Jorge Mújica Murias
México del Norte
Immigrants without papers arrested and in process of deportation but without a criminal record would be able to stay in the country. Those two lines are the whole meaning of a change in direction of Barack Obama’s immigration policy announced this week, ordering the review, on case-by-case bases, of some 300 thousand people without immigration documents currently in the hands of government.
“From the perspective of public safety and law enforcement”, wrote homeland Security’s Janet Napolitano in a letter sent to a Group of Senator who support immigration reform, “homeland Security’s resources should focus on our highest priorities… or we will fail in our mission, will crowd immigration courts and waste resources we should be using on those individuals who are a real problem for public safety”.
Awkward wording, simply meaning ‘we should not be deporting honest workers even if they had a drink too many, and we should really go after drug dealers and rapists’.
Shame there is another document made public not so long ago announcing that Homeland Security’s goal for the year was to deport half-a-million immigrants. We would sure have liked the new letter to clearly say ‘that goal is no longer valid’. Otherwise, the contradiction will be too gross. If the goal is still valid, then detentions will keep happening at their current maddening pace, and then they will take the time to check each case to see if it was worth to detain so many people or not.
In other words, if that is the case, we are tempted to recommend all undocumented immigrants to do their best to get arrested (unless they have ‘real’ criminal records, because the new policy means they could end up getting a work permit, Social Security number and possibly their Green Cards.
To put it simp l e , Obama finally gave us what we have demanded for so long, a sort of amnesty, even if the path takes us first to jail.
But, as all immigration activists told me when I asked them their opinion when the announcement was made, we are like Saint Thomas, who wisely said: “Seeing is Believing”. I strongly agree. Only one organization publicly declared that “Obama Listened To Us”, when the announcement came, but what I think Obama heard was the very wide and transparent threat that “Without Legalization There Will Not Be Reelection”.

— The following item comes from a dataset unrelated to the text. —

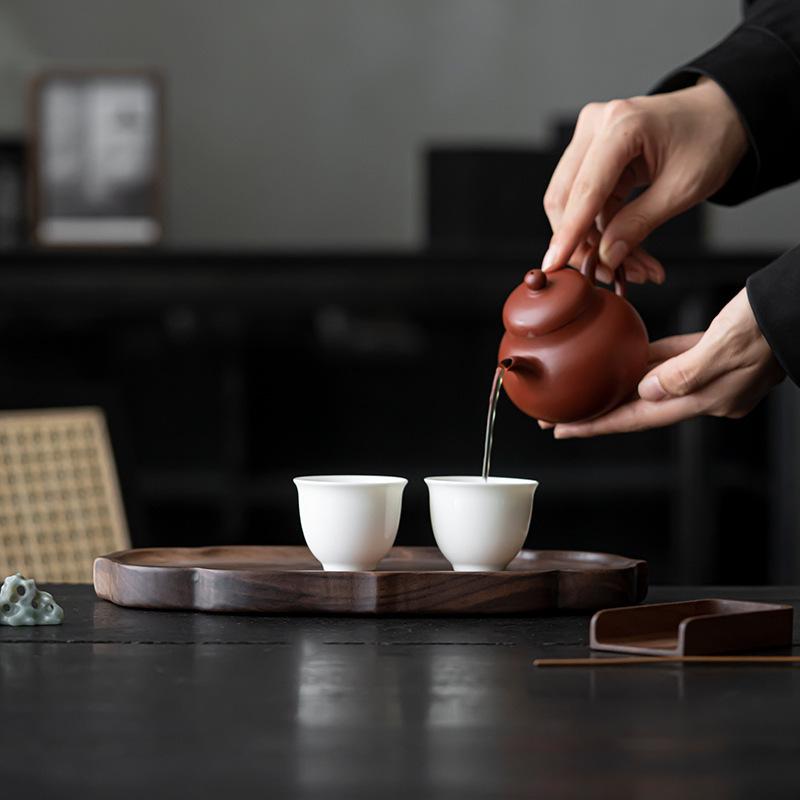 トレイ 茶盤 北米産ブラックウォールナット材 無垢材 如意デザイン 乾泡式茶盤 紫砂急須置き 携帯用 コンパクト 高級感 ホテル 業務用 茶道 自宅 来客用 和モダン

Because Obama is a politician in the middle of a campaign, and politicians in campaign measure the effects their actions will have in the next election, and Barack knows that no immigrant will give him a vote in 2012 if he keeps deporting housekeepers, nannies, aunts, uncles and cousins and workers who have been here for 20 years working from sunup to sundown, paying taxes they can claim back.

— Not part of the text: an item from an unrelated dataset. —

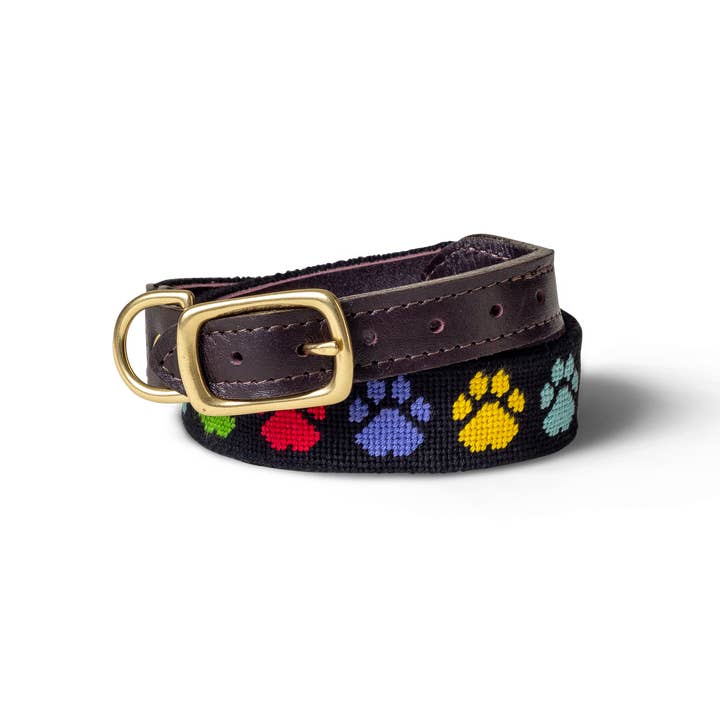 Good Threads - Wholesale Pet Collar - Dog - Colored Paws Needlepoint Dog Collar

The bad part of anycampaigning politician is that they promise everything just for the sake of getting votes, and then they don’t deliver. I guess no one has forgotten Obama promised “immigration reform in my first 90 days in office”, and he’s been there for about a thousand days and we did not see it. What we saw were one million people deported.

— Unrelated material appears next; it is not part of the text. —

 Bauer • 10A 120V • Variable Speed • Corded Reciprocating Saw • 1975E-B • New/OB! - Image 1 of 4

If the guy in the White House is really serious, then he would have to complement his “new immigration policy” with some actions: he has to get rid of E-Verify; he has to cancel Secure Communities; he should eliminate the 287-G Polimigra agreements, and he should stop repeating “the law is the law and we have to enforce it”.
If the takes some action, then we may do as Saint Thomas and start believing… if not, if there is nothing but a letter from Janet Napolitano to some Senators and see the Polimigra still acting, Secure Communities and other anti-immigrant programs still in place, then we will not believe and he will still lose his beautiful house in Washington in November of next year…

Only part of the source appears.